Antarctica, the site of the South Pole, is the most southerly of Earth's continents. It covers over 5 million square miles, which is 1.4 times more than the United States. Most of the year, Antarctica is covered with thick ice and snow, but in the summer parts of the land mass host a few plant species. The growing season is short---it lasts only six to eight weeks, from early June through July.
Algae are aquatic plants that include members with only one cell as well as large seaweed species. Over 700 types of algae exist in Antarctica, from a single-celled phytoplankton to the large bull kelp, according to the Australian Antarctic Division website. On land, Antarctic algae live in creeks and lakes, in snow banks and even in moist soil.
Mosses and Lichens
Antarctica hosts 100 species of mosses. Some of them form lawn-like areas where melting glacier water occurs. Three major kinds of lichens live in Antarctica. Crustose lichens grow as a crust on their growing surface. Foliose lichens have lobes resembling leaves. Fruticose lichens grow into small shrubs. Lichens grow very slowly, although they occur nearly every place in Antarctica that is able to support plant life.
Antarctic Hair Grass
Antarctic hair grass, or Deschampsia antarctica, is one of the two flowering plants found in Antarctica. This true grass grows in short clumps, no more than 4 inches tall. When it flowers, it looks much like lawn grass, with stalks containing large numbers of small seeds. Antarctic hair grass occurs in widespread areas of the Antarctic land mass.

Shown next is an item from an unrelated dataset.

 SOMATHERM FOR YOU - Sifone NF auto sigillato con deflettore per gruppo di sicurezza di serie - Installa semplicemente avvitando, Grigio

Collobanthus quitensis is the botanical name for Antarctic pearlwort, which is the southernmost dicot found in the world and one of the only two flowering plants found on this continent. It's related to the chrysanthemum and form a small cushion. It grows as a companion to Antarctic hair grass and is sometimes hard to see through the blades of that grass. It blooms with small, yellow, five-petaled flowers in summer.